Eduardo García A.


De las veces que fui a Bogotá de niño quedaban varias fotos en blanco y negro, cuando caminaba por la Séptima con mamá y nos captaron los fotógrafos ambulantes. Por toda la carrera Séptima pululaban estos profesionales, algunos de ellos vestidos de modestos trajes, camisa blanca y corbata, muy simpáticos, ágiles y profesionales. Mamá iba muy elegante, con guantes, bolsa, uno de sus vestidos realizados por modistas y zapatos de tacón, y yo iba de pantalón corto, saco de paño y corbatín, medias nuevas de rombo y zapatos de charol, o sea "muy tieso y muy majo", como diría nuestro poeta nacional Rafael Pombo.
Como me encantaba el asunto de las fotos, lo que denotaba ya la fuerte propensión a la vanidad que me caracterizaría el resto de la vida, exigía con insistencia ir por las fotos a los pequeños locales que se sucedían en pasajes a medida que se iba llegando a la Plaza de Bolívar, en especial junto al almacén Tía y la emblemática Casa del Florero. Como eran muchas las fotos que le tomaban a los transeúntes a lo largo de su habitual "septimazo", se nos acumulaban los tiquetes con el registro y número de la foto y el nombre y la dirección del local fotográfico.
Como en esos primeros viajes nos hospedábamos entonces en el Hotel Savoy, era obligatorio pasar todos los días por la Casa del Florero, donde se dieron los acontecimientos míticos que condujeron a la independencia de España, según indicaban los manuales escolares. Al visitar el museo de la Casa del Florero, mi padre me aclaraba los detalles históricos y después al salir me llevaba al palacio de San Carlos, la sede presidencial en ese entonces, donde estaba la placa relativa a la "nefanda noche septembrina", cuando el general Bolívar hubo de escapar a una asonada saltando por la ventana, mientras su amante Manuelita Sáenz, muy hombruna ella, se enfrentaba con los rebeldes, dispuestos a matar al Libertador.
Todas esas historias me encantaban, como cuando subíamos a la Quinta de Bolívar al pie del cerro de Monserrate, donde en un abrir y cerrar de ojos viajaba hacia el siglo XIX y podía palpar casi la presencia del héroe Bolívar, las bucólicas conversaciones de los próceres, el olor a lavanda de las heroínas de cabello largo, el relincho de los caballos.
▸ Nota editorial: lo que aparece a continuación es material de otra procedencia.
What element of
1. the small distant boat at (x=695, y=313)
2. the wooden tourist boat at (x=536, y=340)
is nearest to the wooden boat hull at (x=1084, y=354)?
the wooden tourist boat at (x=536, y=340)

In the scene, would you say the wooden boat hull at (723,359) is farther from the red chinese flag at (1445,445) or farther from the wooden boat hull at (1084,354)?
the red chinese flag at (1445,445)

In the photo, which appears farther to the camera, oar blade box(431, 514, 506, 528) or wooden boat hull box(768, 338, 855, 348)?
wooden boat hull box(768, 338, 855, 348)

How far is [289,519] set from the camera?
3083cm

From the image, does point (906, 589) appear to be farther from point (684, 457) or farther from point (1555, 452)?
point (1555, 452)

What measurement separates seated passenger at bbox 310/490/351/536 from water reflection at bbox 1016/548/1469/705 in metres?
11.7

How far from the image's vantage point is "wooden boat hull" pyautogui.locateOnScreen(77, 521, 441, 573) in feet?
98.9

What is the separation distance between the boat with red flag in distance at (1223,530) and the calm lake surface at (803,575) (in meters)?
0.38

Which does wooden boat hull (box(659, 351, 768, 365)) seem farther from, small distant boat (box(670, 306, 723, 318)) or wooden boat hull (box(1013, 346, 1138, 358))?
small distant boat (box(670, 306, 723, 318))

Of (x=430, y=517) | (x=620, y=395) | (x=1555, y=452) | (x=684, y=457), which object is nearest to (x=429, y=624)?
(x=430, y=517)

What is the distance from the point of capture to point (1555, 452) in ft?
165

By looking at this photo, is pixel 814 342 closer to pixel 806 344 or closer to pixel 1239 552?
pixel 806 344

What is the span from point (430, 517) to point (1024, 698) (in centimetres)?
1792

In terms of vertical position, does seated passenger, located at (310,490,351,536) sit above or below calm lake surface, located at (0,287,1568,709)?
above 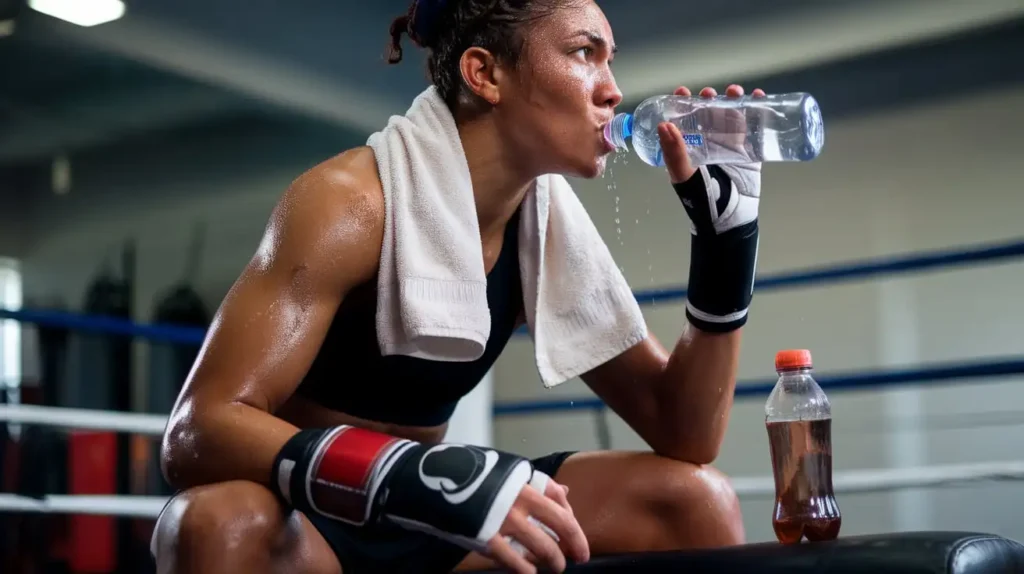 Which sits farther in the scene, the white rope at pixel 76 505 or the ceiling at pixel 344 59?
the ceiling at pixel 344 59

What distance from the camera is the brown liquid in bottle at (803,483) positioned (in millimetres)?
1150

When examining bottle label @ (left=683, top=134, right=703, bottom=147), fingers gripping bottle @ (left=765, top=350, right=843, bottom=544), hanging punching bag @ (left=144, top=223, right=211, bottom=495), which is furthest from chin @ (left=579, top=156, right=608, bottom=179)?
hanging punching bag @ (left=144, top=223, right=211, bottom=495)

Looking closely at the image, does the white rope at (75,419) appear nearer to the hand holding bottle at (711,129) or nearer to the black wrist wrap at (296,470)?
the black wrist wrap at (296,470)

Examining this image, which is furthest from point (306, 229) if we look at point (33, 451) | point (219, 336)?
point (33, 451)

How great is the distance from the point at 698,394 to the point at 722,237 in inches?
9.4

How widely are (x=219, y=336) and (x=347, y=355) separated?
0.23m

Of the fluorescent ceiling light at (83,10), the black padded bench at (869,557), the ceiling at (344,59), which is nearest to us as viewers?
the black padded bench at (869,557)

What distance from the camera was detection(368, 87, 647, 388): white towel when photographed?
1243mm

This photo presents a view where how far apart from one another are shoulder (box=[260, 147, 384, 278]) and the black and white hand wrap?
0.38 meters

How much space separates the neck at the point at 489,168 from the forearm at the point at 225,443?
1.57ft

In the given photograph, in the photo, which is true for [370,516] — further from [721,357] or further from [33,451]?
[33,451]

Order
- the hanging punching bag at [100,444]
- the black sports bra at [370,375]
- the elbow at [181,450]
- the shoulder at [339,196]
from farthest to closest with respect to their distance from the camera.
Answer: the hanging punching bag at [100,444], the black sports bra at [370,375], the shoulder at [339,196], the elbow at [181,450]

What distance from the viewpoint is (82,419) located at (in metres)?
2.40

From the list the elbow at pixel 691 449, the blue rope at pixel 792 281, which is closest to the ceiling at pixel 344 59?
the blue rope at pixel 792 281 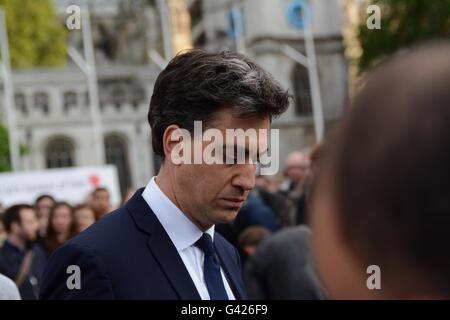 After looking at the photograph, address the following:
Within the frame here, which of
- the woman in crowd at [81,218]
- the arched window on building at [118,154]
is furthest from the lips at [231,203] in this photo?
the arched window on building at [118,154]

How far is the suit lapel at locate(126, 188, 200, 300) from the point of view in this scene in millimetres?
1856

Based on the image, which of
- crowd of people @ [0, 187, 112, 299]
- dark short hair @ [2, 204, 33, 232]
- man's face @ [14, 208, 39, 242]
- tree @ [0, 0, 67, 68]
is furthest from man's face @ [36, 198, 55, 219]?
tree @ [0, 0, 67, 68]

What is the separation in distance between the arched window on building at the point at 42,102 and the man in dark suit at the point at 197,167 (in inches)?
1454

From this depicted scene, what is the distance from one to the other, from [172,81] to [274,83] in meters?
0.28

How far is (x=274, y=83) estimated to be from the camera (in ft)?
6.93

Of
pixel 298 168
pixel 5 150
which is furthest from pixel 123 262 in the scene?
pixel 5 150

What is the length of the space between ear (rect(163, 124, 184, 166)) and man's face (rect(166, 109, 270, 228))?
60 mm

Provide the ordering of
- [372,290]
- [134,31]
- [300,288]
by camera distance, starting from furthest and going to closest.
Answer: [134,31] → [300,288] → [372,290]

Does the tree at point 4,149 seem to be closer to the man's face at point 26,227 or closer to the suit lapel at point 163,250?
the man's face at point 26,227

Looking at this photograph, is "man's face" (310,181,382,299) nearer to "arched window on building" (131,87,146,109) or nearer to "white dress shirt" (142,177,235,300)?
"white dress shirt" (142,177,235,300)

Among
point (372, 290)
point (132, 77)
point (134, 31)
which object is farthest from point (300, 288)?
point (134, 31)

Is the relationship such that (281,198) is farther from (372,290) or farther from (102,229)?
(372,290) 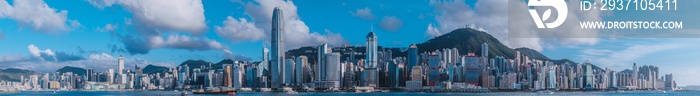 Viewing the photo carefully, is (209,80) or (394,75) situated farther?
(209,80)

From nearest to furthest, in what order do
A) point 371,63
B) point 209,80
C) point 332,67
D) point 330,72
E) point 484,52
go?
point 330,72 → point 332,67 → point 484,52 → point 371,63 → point 209,80

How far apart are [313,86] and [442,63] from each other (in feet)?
40.8

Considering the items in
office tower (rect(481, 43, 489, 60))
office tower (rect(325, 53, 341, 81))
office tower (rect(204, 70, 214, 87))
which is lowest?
office tower (rect(204, 70, 214, 87))

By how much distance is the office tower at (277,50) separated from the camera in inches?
3051

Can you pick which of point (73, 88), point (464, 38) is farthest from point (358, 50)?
point (73, 88)

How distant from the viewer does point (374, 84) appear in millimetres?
69250

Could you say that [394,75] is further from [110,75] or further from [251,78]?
[110,75]

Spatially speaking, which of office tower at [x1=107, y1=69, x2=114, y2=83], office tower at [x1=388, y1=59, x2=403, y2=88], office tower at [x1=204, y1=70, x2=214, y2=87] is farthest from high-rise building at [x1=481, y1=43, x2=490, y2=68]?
office tower at [x1=107, y1=69, x2=114, y2=83]

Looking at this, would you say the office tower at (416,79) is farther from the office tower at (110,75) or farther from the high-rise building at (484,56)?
the office tower at (110,75)

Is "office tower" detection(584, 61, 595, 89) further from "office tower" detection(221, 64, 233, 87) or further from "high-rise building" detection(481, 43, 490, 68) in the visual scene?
"office tower" detection(221, 64, 233, 87)

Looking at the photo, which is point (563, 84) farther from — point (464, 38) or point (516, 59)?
point (464, 38)

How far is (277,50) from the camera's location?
81688 mm

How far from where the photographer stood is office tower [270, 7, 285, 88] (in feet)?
254

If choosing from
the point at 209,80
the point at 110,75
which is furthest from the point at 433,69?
the point at 110,75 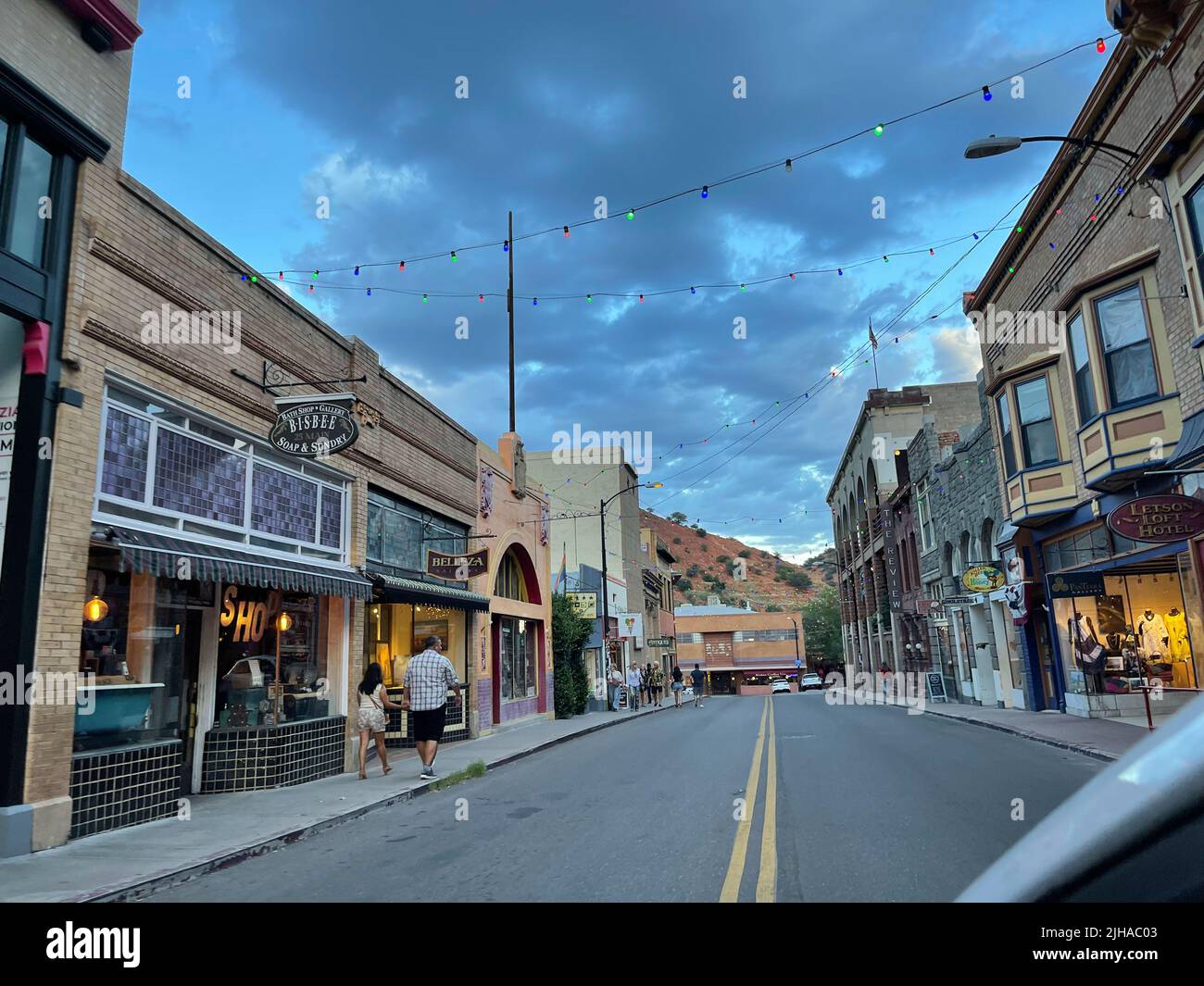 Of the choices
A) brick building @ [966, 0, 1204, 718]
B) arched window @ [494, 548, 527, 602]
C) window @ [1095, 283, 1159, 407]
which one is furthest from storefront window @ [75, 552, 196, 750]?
window @ [1095, 283, 1159, 407]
Una vez, caminando por la carrera Séptima, vimos a Carlos Lleras Restrepo, el candidato presidencial liberal del Frente Nacional para las elecciones de mayo, que salía de un carro negro frente al Parque Santander y entraba con paso lento de paquidermo a una farmacia situada al lado de una oficina de la Registraduría, ante el estupor de los curiosos y partidarios que gritaban vivas al personaje, hombre de muy baja estatura, muy redondo, algo encorvado, calvo y de inconfundibles gafas circulares de carey.
Y vimos también al cómico candidato presidencial Gabriel Antonio Goyeneche, viejo hombrecillo que vivía en la Universidad Nacional, donde era protegido por los estudiantes, que se proponía entre otras cosas pavimentar el río Magdalena para convertirlo en una autopista, y quien hacía campaña frente al café Pasaje, en la plazuela del Rosario, a donde papá iba a tomar café con sus amigos del Movimiento Revolucionario Liberal.
En esos días felices de viaje vi también a dos poetas, uno de lejos y otro de cerca. Papá me mostró un día al poeta de origen sueco León de Greiff con su barba de chivo y su boina, que caminaba desarreglado por la Séptima y luego cruzaba la calle a la altura de la calle 18. Pero lo más grato fue la visita al café Saint Moritz, donde vimos en otra mesa a Luis Vidales, quien conoció a Jorge Eliécer Gaitán de joven en París en 1926, antes de que el malogrado caudillo regresara a Colombia a hacer política y a convertirse en la más importante y trágica figura política del país en el siglo XX. Vidales había sido muy joven cónsul de Colombia en Génova, pero renunció a causa de la Masacre de las Bananeras en 1928, durante el gobierno de Miguel Abadía Méndez, quien le había dado el puesto a petición de su mamá Rosaura Jaramillo, porque se estaba muriendo de hambre en París. Vidales fumaba una pipa larga, llevaba gafas gruesas de carey y tomaba rápidamente el aguardiente, tras lo cual chupaba un pedazo de limón.
Subimos después por esa callejuela del Saint Moritz hasta la Séptima y seguimos hacia la plaza de Bolívar, cruzamos la Jiménez y un poco más allá se detuvo con solemnidad. "Mira hijo, aquí mataron a Gaitán", me dijo frente a la modesta placa que recuerda el magnicidio. Nos recogimos ahí en ese instante y me contó su versión de los hechos. Todos esos días fueron para mí un excelente e inicial curso de historia patria.
Los viejos héroes de la patria me asediaban, nutrían mi imaginación a través de los relatos de los viejos. Veía a Bolívar y a Manuelita Sáenz, a los precursores de la independencia que nutrieron de las ideas revolucionarias de la Ilustración, Los Comuneros de José Antonio Galán, Antonio Nariño, el traductor la Declaración de los derechos humanos, los mártires asesinados por los españoles como el sabio Francisco José de Caldas, el de "oh larga y negra partida", las rebeldes Policarpa Salavarrieta y Antonia Santos y a ellos se unían los mártires actuales encabezados por Jorge Eliécer Gaitán y el padre Camilo Torres, muertos ambos en un lapso de escasos tres lustros. Gaitán baleado. Camilo acribillado. Atentados. Guerrillas. Muertos. Guerra. Militares. Violencia. Presidentes. Amenazas que iban y venían y que van y vienen. O sea, la historia repetitiva del país del Sagrado Corazón de Jesús que nos tocó por suerte y que sigue igual en pleno siglo XXI sin que calme sus odios y sane sus cicatrices.